Israel wants and needs a strong secular government that can implement the disengagement plan.
The government is falling apart and the prime minister is silent. Since the threat on the Likud party – that if its members will not vote for the goverment during the votes of no-confidence, there will be no choice but elections – his tongue has disappeared.
We have no choice but to accept what we hear from the prime minister’s officials or those close to him. We do not know if they are telling us from the horse’s mouth or at least with his agreement. Either way, if these reports are true, then we have reason to be concerned. They are reporting that Prime Minister Sharon is not moved. He is not moved by Sylvan Shalom’s impressive gathering and neither by the human chain formed by 130,000 people from Nissanit to Jerusalem. It seems that the prime minister is only moved by one thing – the words of George Bush.

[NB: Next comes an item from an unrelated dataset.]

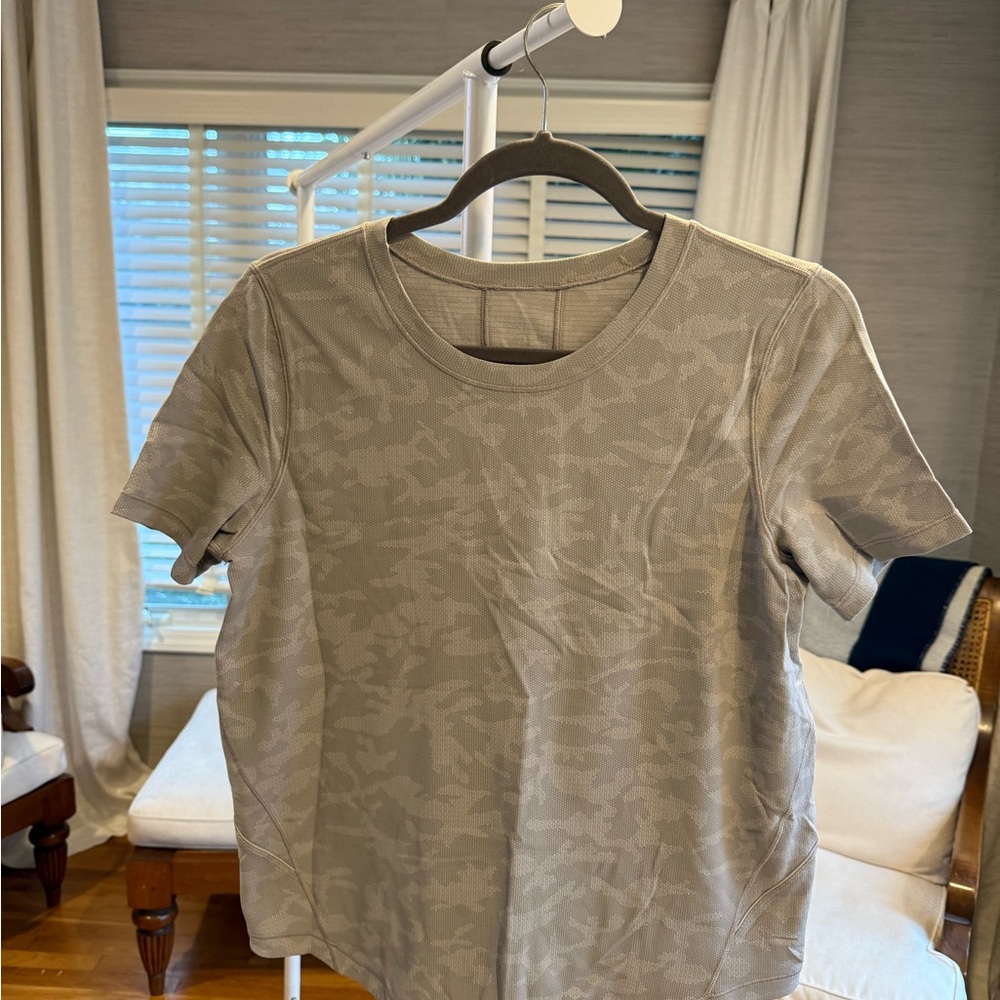 Lululemon women’s gray camo tshirt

What is happening to Prime Minister Sharon? Is his arrogance taking over his sensibility? The warning signs are written on the walls: Sharon does not have a majority in the government to implement the disengagement plan. At the crucial moment when the government will have to vote on the evacuation from Gaza, most of the MKs will vote against the move. Sharon knows this – without Labor’s support he does not have a majority in the Knesset. Without Labor’s support, Sharon does not have a majority in the government to pass the 2005 state budget.
The Cabinet also knows – this struggling government that battles no-confidence votes every Monday. Its political weight and value is disappearing in the eyes of the public. It is only surviving because its opponents are divided. The public views it as a “limping duck”. It is bad for the economy. It is bad for the nation. It is bad for the future. The government cannot decide on large moves and implement them.
Apathy, impartiality and numbing of senses are the death sentence for democracy. The prime minister needs to be aware of the nation’s will, as is indicated in the polls. The nation wants a secular government, partnered with the Likud, Labor and Shinui. If Sharon is not able to achieve a majority in the Knesset for support of this type of government – because most Likud MKs do not want such a coalition- he has no choice but to call for new elections. Israel needs a strong stable government that is capable of implementing the disengagement plan. The current government, torn and broken, is trying with all its might to stay in power. Even if it manages to survive another one or two no-confidence vote, this is not a government that the nation can look up to.
One of David Ben-Gurion’s famous sayings was: “I don’t know what the nation wants. I know what the nation needs”. In the country’s current situation, there is a direct link to what the government wants and what the government needs. Sharon, an avid Ben-Gurion fan, with similar political and security ideas as the nation’s founder, can now follow his mentor’s path and prove that he can, despite all the difficulties, create a link between what the nation wants and what the nation needs.
Dov Goldstein has been writing for Maariv since 1954 and has written biographies on Ezer Weizman, Yitzhak Rabin, Raphael Eitan, Teddy Kolleck and Shmuel Tamir.